▶ [AIM OF THE EXERCISE]
The goal is an unaltered copy of the records below, minus any images.

Records from a data collection
——

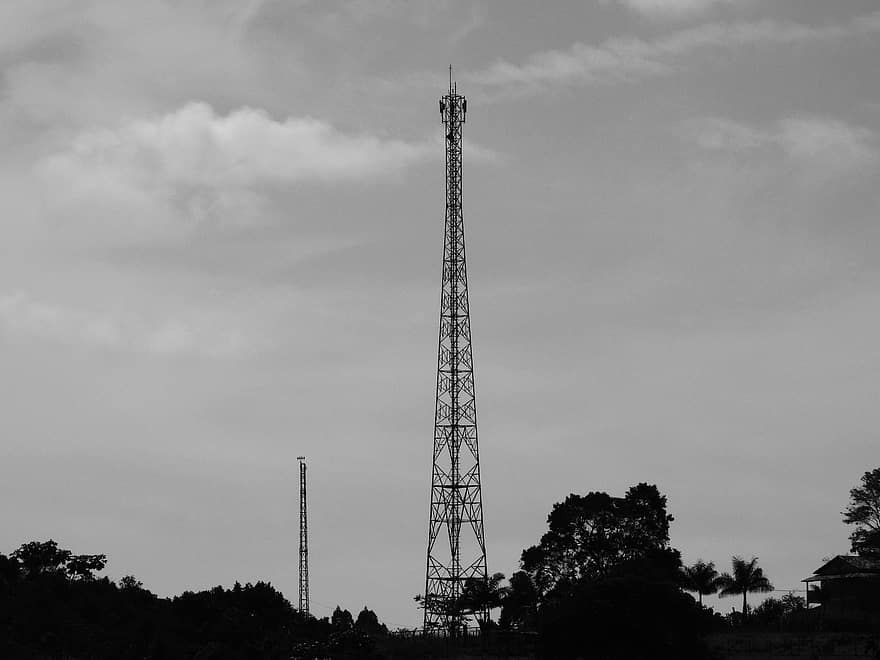 Tower, Black And White, Nature, Architecture, Construction, Industrial, Urban, Clouds, Roofs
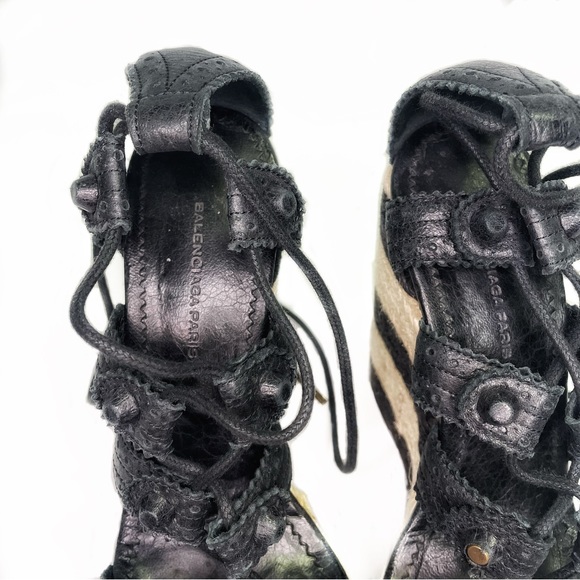 Balenciaga Brogue Espadrille Lace Up Platform Wedge Sandals Size 38 - Picture 4 of 4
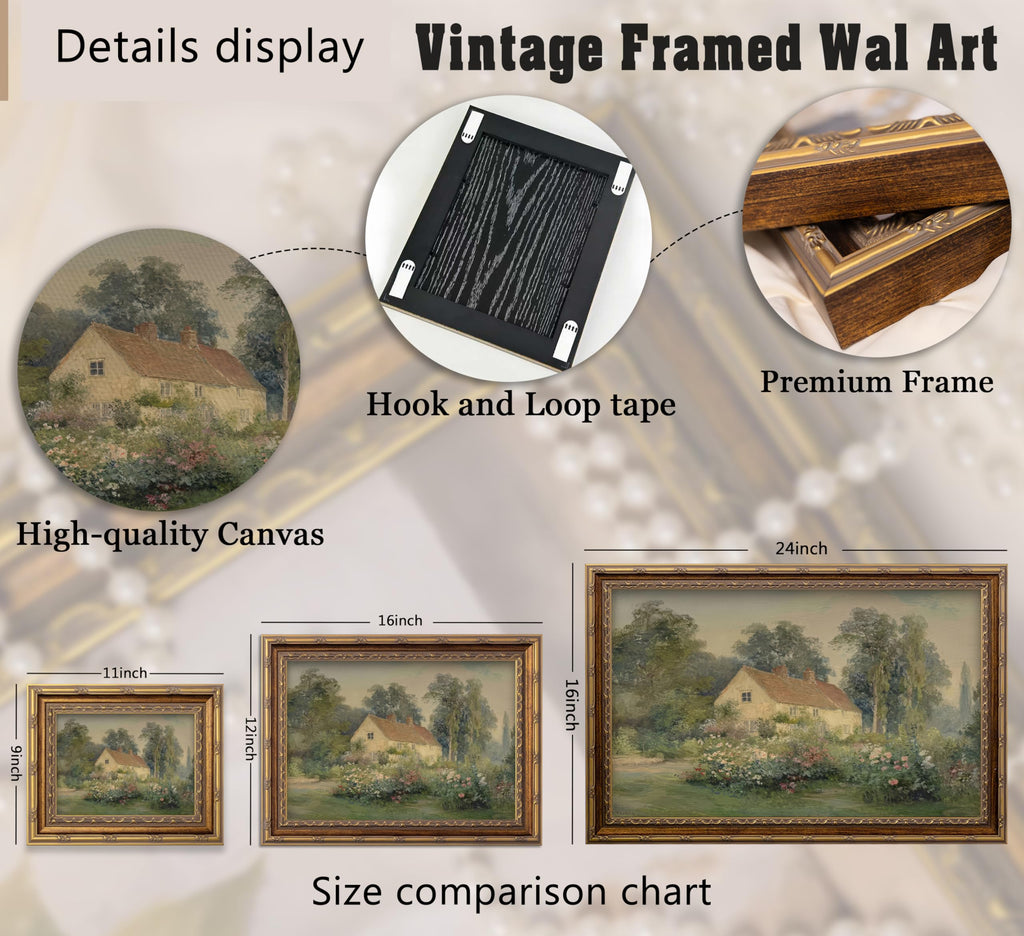 Vintage Carved Gold Frame Canvas Wall Art Classical Nature Landscape Painting Picture Wall Decor Rustic Cottage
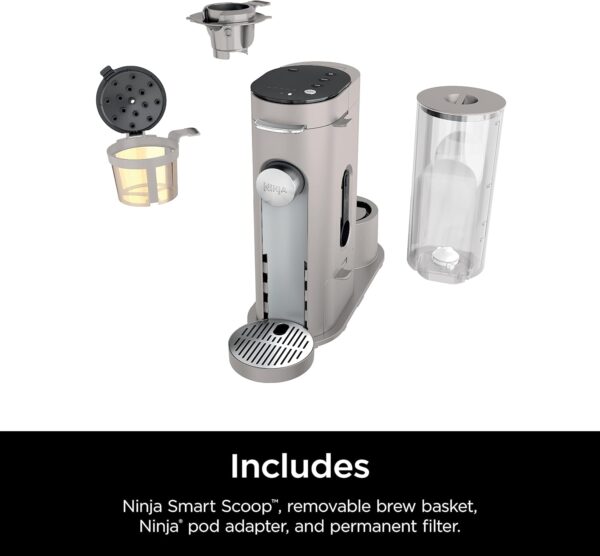 Ninja Pod & Grounds Specialty XL Single-Serve Coffee Maker, K-Cup Pod Compatible, Brews Grounds, Compact Design, Built-In Milk Frother, 68-oz. Reservoir, 6-oz. Cup to 24-oz. Mug Sizes, Stone, PB055AST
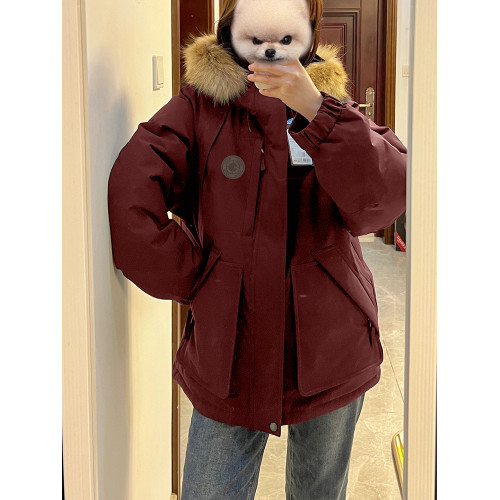 卡盛酒紅色本命年派克羽絨棉服女2025新款新年衣服大毛領工裝棉衣 卡盛酒紅色本命年派克羽絨棉服女2025新款新年衣服大毛領工裝棉衣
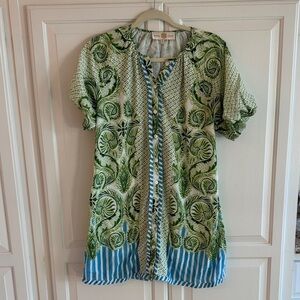 Anna Cate Green and Blue Patterned dress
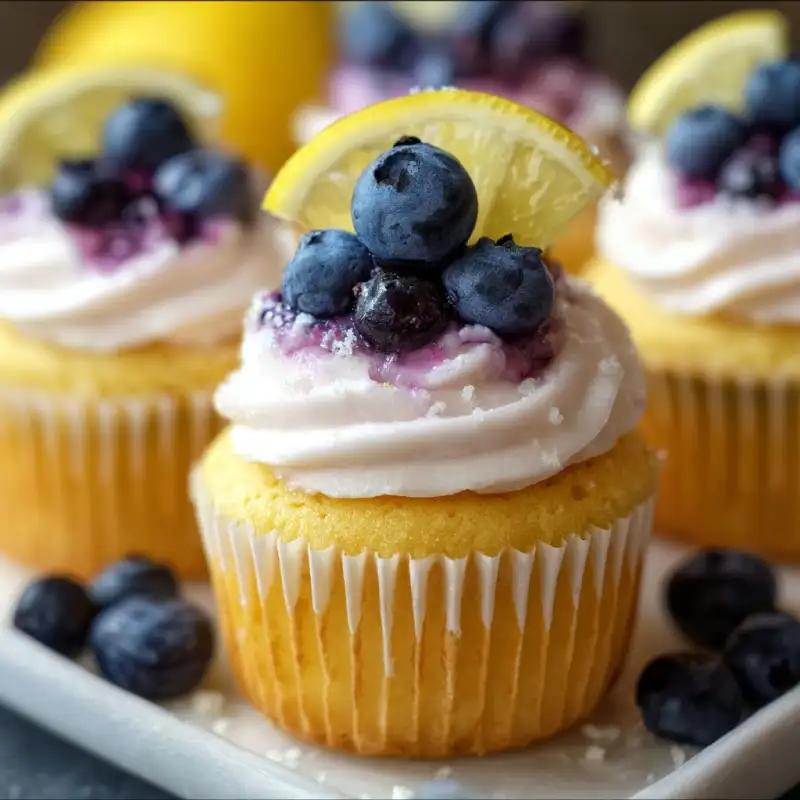 Lemon Cupcakes with Lemon-Blueberry Frosting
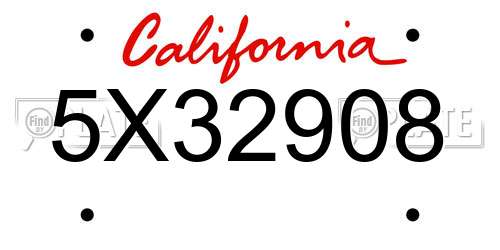 5X32908 California License Plate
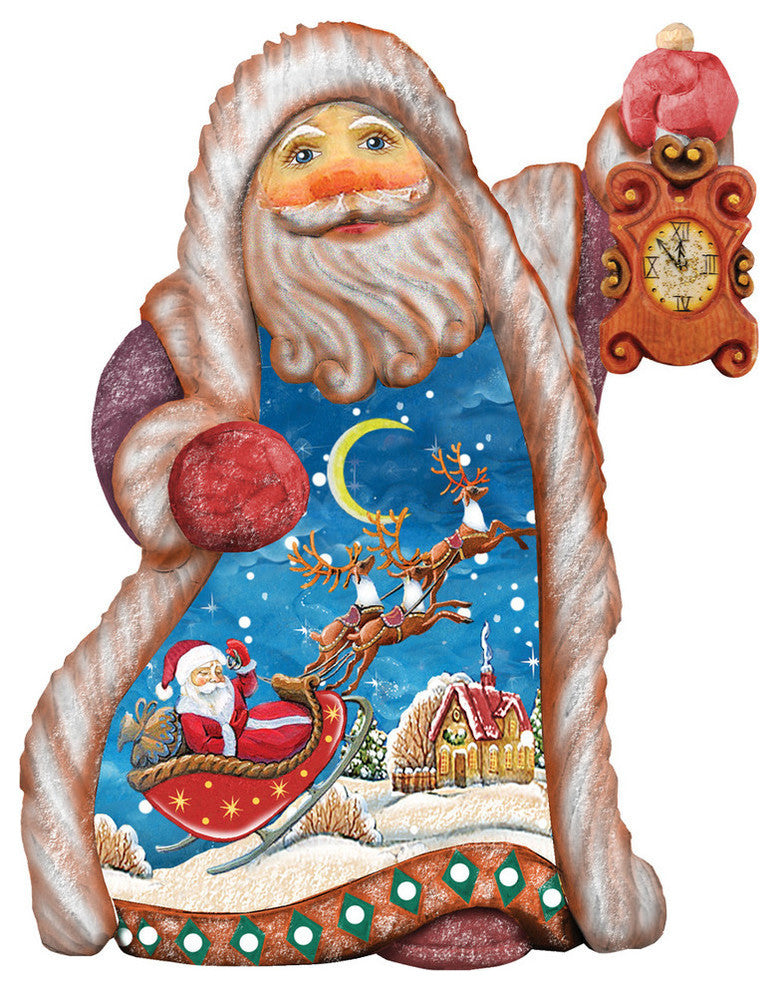 Hand Painted Santa Sleigh Ride Ornament Figurine With Scenic Painting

——

▶ [RESULT OF THIS TASK]
 Tower, Black And White, Nature, Architecture, Construction, Industrial, Urban, Clouds, Roofs
 Balenciaga Brogue Espadrille Lace Up Platform Wedge Sandals Size 38 - Picture 4 of 4
 Vintage Carved Gold Frame Canvas Wall Art Classical Nature Landscape Painting Picture Wall Decor Rustic Cottage
 Ninja Pod & Grounds Specialty XL Single-Serve Coffee Maker, K-Cup Pod Compatible, Brews Grounds, Compact Design, Built-In Milk Frother, 68-oz. Reservoir, 6-oz. Cup to 24-oz. Mug Sizes, Stone, PB055AST
 卡盛酒紅色本命年派克羽絨棉服女2025新款新年衣服大毛領工裝棉衣 卡盛酒紅色本命年派克羽絨棉服女2025新款新年衣服大毛領工裝棉衣
 Anna Cate Green and Blue Patterned dress
 Lemon Cupcakes with Lemon-Blueberry Frosting
 5X32908 California License Plate
 Hand Painted Santa Sleigh Ride Ornament Figurine With Scenic Painting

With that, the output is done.